Work item :: Copy verbatim the block of lines in the entries below whose first line contains "Beymen Reborn - Celine" and whose last line contains "A western-style belt". Leave out all other lines.

# # # # #

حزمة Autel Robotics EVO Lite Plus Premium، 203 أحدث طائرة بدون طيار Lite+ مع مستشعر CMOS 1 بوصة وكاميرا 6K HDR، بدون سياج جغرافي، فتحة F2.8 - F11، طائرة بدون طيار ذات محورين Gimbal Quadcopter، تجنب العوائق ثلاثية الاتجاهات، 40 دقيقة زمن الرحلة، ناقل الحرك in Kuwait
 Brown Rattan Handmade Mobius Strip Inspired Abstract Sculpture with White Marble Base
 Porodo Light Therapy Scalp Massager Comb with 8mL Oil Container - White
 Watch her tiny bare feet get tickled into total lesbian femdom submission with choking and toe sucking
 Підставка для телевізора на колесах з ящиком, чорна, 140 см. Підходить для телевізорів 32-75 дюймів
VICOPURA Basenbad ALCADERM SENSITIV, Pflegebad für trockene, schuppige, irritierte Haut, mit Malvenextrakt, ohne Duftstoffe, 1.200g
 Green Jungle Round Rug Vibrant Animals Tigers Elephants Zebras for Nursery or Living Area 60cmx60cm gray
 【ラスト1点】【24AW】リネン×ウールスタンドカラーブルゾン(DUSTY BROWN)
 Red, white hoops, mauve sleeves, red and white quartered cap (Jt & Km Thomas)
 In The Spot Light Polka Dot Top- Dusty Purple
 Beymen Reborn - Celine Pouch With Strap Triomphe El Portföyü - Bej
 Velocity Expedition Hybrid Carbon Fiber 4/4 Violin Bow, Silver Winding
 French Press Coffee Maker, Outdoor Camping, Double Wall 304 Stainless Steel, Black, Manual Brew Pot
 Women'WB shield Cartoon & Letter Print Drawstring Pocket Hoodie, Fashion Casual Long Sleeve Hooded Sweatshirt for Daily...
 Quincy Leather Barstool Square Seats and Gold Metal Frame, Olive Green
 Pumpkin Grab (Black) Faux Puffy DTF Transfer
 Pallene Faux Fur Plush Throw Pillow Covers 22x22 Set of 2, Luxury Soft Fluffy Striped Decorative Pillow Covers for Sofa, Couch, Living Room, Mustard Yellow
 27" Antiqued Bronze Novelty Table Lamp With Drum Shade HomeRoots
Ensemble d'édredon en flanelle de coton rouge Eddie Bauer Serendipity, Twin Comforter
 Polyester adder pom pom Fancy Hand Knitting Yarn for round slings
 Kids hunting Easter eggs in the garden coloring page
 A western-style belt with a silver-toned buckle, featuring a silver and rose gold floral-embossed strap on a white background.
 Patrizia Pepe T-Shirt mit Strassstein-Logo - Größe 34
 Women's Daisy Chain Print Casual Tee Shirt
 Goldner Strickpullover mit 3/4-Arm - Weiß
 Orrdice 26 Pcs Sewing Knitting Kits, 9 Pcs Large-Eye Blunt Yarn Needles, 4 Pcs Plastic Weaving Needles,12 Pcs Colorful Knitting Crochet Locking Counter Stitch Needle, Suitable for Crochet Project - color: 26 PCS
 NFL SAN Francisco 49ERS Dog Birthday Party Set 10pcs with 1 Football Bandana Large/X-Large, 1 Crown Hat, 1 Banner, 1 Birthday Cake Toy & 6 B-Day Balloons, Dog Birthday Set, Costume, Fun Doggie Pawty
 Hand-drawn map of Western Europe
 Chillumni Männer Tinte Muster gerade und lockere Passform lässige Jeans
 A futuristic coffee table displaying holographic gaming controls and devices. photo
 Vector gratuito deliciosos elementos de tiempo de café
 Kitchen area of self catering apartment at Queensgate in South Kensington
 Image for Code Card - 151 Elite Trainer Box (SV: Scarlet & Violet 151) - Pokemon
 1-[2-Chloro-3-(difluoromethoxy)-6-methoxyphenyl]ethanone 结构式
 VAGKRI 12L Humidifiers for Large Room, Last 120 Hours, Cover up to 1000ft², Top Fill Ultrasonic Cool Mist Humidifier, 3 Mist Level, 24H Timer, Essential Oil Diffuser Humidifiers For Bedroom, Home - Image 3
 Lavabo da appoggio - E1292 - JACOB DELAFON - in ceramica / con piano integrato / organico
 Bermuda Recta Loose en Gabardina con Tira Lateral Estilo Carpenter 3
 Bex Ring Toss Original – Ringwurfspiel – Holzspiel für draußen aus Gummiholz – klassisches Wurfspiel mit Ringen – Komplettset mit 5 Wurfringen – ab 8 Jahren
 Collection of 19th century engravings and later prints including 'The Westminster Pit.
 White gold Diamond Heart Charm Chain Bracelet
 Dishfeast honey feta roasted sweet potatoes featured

# # # # #

Solved problem ::
 Beymen Reborn - Celine Pouch With Strap Triomphe El Portföyü - Bej
 Velocity Expedition Hybrid Carbon Fiber 4/4 Violin Bow, Silver Winding
 French Press Coffee Maker, Outdoor Camping, Double Wall 304 Stainless Steel, Black, Manual Brew Pot
 Women'WB shield Cartoon & Letter Print Drawstring Pocket Hoodie, Fashion Casual Long Sleeve Hooded Sweatshirt for Daily...
 Quincy Leather Barstool Square Seats and Gold Metal Frame, Olive Green
 Pumpkin Grab (Black) Faux Puffy DTF Transfer
 Pallene Faux Fur Plush Throw Pillow Covers 22x22 Set of 2, Luxury Soft Fluffy Striped Decorative Pillow Covers for Sofa, Couch, Living Room, Mustard Yellow
 27" Antiqued Bronze Novelty Table Lamp With Drum Shade HomeRoots
Ensemble d'édredon en flanelle de coton rouge Eddie Bauer Serendipity, Twin Comforter
 Polyester adder pom pom Fancy Hand Knitting Yarn for round slings
 Kids hunting Easter eggs in the garden coloring page
 A western-style belt with a silver-toned buckle, featuring a silver and rose gold floral-embossed strap on a white background.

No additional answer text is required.